A DISINTIGRATING tiled Glasgow hallway, films about colonialism and freedom, and a new dance work from leading Scottish ballet director Michael Clark have been unveiled as Scotland's weighty contribution to the world's biggest art festival.
New works by three Glasgow-based artists – Corin Sworn, Duncan Campbell and Hayley Tompkins will be showcased at the Palazzo Pisani at the 55th Venice Biennale.
Films on capitalism and Peruvian society, painted works laid on the floor, and the replicated Glasgow tenement hall tiling pattern will all feature in Scotland + Venice, one of more than 40 "collateral" events at the vast festival.

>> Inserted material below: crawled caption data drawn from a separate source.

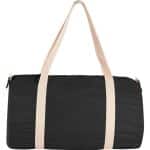 Custom Barrel 18'' 5oz Cotton Canvas Duffle Bag - 3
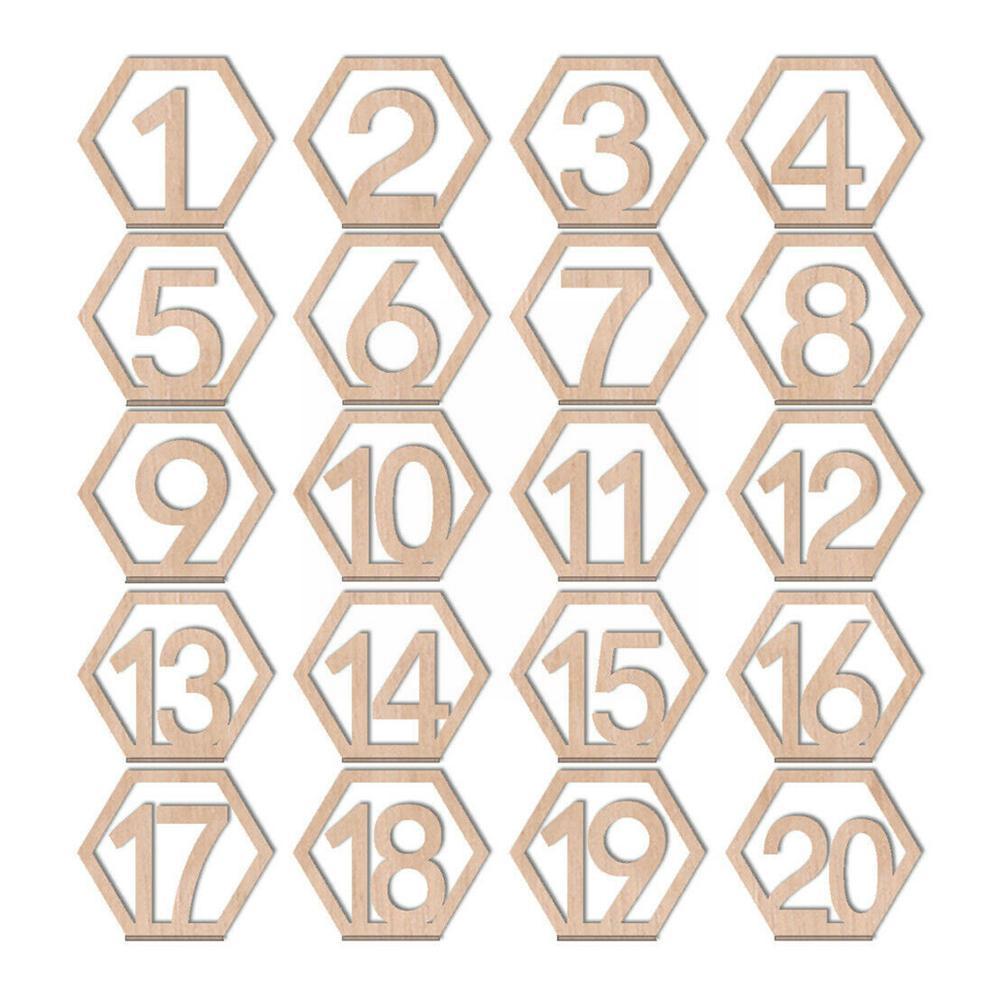 1-10 Number Wooden Signs Wedding Hexagon Table Number Engagement Numbers Sign Rustic Wedding Wooden Table Party Seat Number V0S0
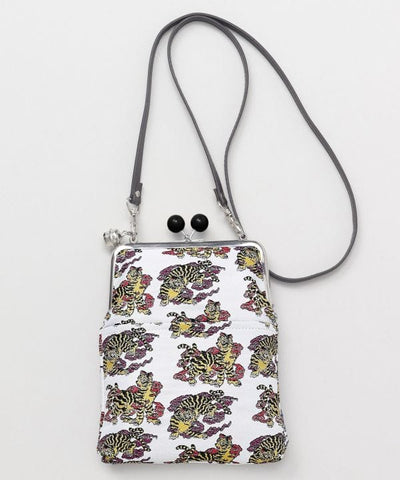 KAYA x NAKAMURA KYOKO - Gamaguchi Glasp Shoulder Bag by Kaya - Ametsuchi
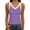 Light Purple&15-0421D, variant on Ribbed Tank Top Women V Neck Sleeveless Summer Tank Tops Fitted Stretch Wide Strap Going Out Basic Women Under Shirts Purple S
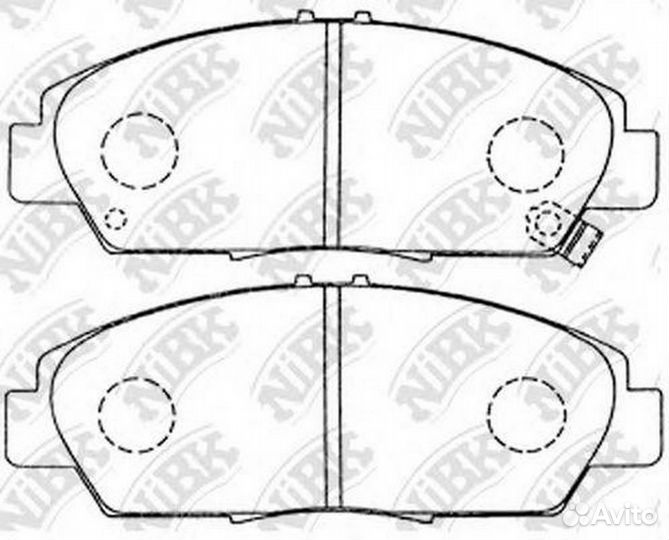 Колодки передние (honda accord/prelude 93-98) PN8
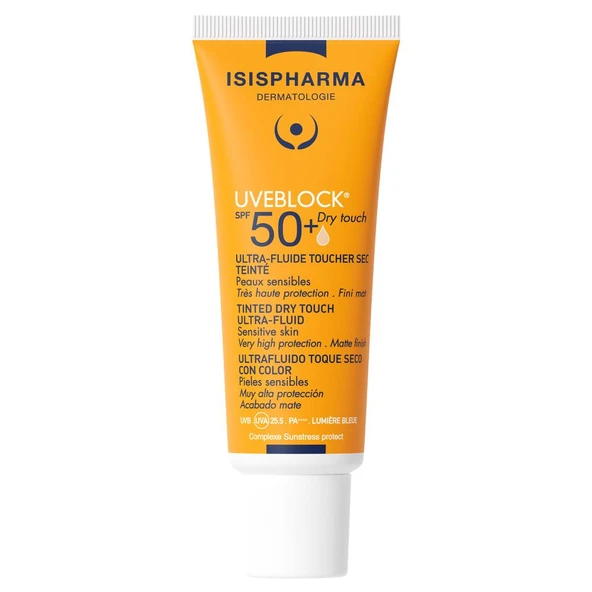 Isis Pharma Uveblock SPF 50+ Dry Touch Ultra Fluid 40 ml - Light ürün görseli 1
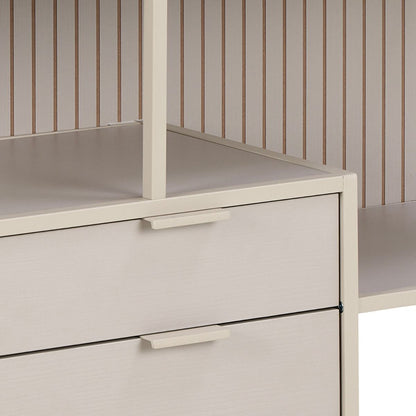 Seaford Storage Unit with Drawers and Shelves in Grey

Katrina Brown, the curator of the show that marks 10 years of a separate Scottish presence at the festival, said the display shows Scotland's "diverse and strong" arts scene as well as being both "tough and tender".

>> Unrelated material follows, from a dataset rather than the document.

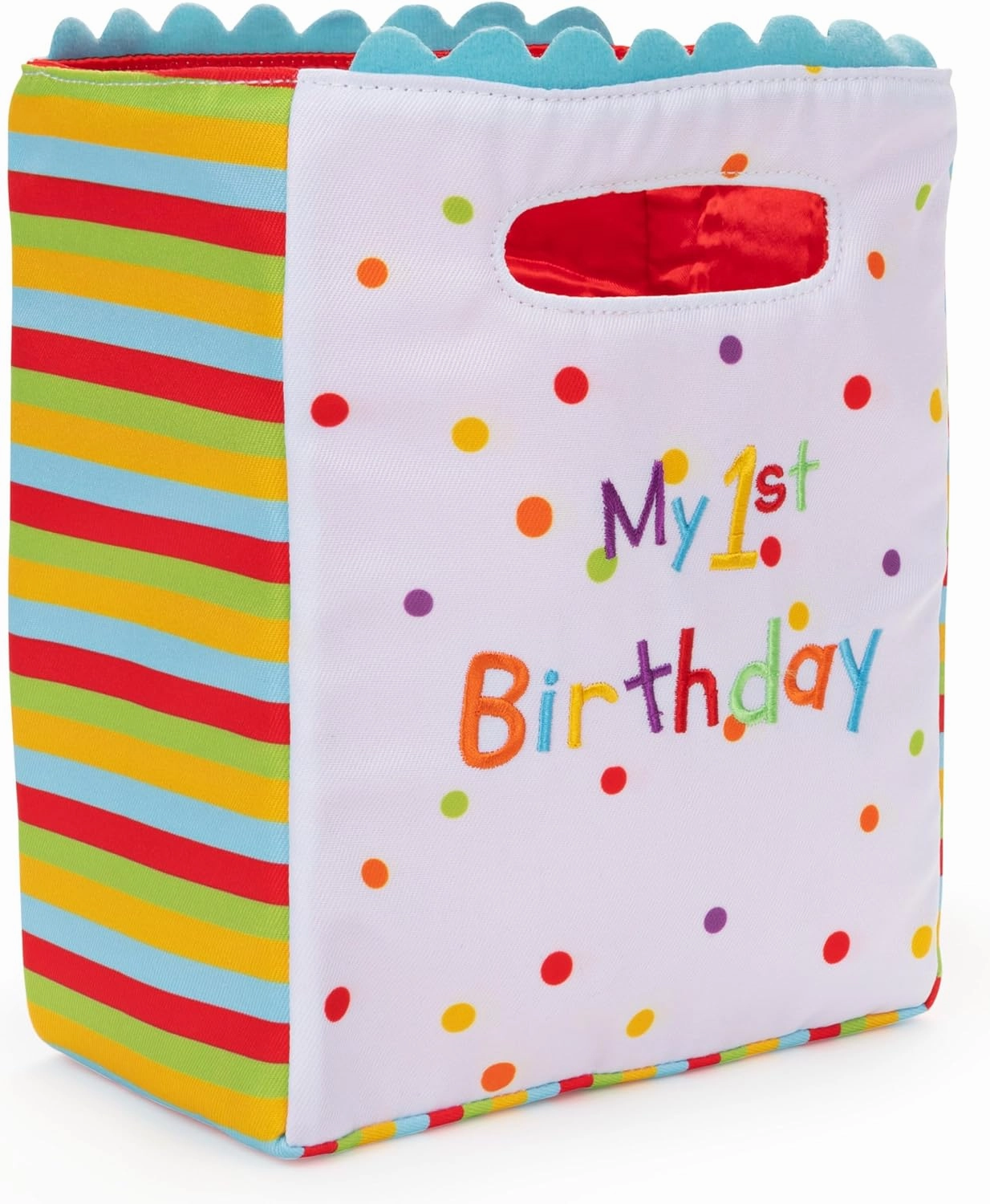 Baby GUND, My First Birthday-Themed 5-Piece Plush Playset, Sensory Toys for Babies, 8”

The three pieces feature an international outlook. Two films, by Campbell and Sworn, focus on Africa, France and Peru, while Tompkins's painted piece, with acrylic works in plastic trays, has images of Sao Paulo and outer space.

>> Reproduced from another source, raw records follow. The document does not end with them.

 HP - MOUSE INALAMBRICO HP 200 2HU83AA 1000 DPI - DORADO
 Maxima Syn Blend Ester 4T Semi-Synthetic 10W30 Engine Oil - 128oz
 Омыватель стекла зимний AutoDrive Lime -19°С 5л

Mr Campbell's dance work is a chapter of the film shot over several days with dancers from the Michael Clark Company at the CCA in Glasgow.
The dance piece, with dancers in black shot from above, is part of the film, It For Others, made by Campbell which considers weighty themes of colonisation, capitalism, and commodity exchange.
The dancers become signs in equations and economics diagrams.
The colourful patterned Glasgow floor tiles are part of the work by Sworn, who has also shot a film about her father's sociological travels in Peru.
Venice Biennale also features 88 national pavilions, including the UK, which this year showcases the work of Jeremy Deller, the artist who brought the "bouncy Stonehenge" to Glasgow in 2012.
A team from Creative Scotland arrived in Italy last night and Fiona Hyslop, the Culture Secretary, is to arrive tomorrow.
Ms Brown, who is director of Glasgow's The Common Guild, which has curated and organised the show, said: "We were very mindful that the last shows here were very physical and scupltural, and that film and video has been such an important part of art in Scotland in the last 15 years.
"We needed to address that and Duncan has been one of the leading figures in that for a while," she added.
"Corin, in an earlier stage, is getting a lot of attention."
The curator said the show, which has cost around £500,000 to stage, shows there is no set "Scottish style" any more in contemporary art.
She added: "This is three artists with three very different practices, all with strong links with Scotland and with Glasgow in particular. It is reflecting how art in Scotland looks right now, and that is both diverse and strong.
"From essay films and documentary media through to painting, there is no dominant tendency or look or medium or style – there is an incredible breadth of activity now."
The 55th Venice Biennale runs from June 1 to November 2013.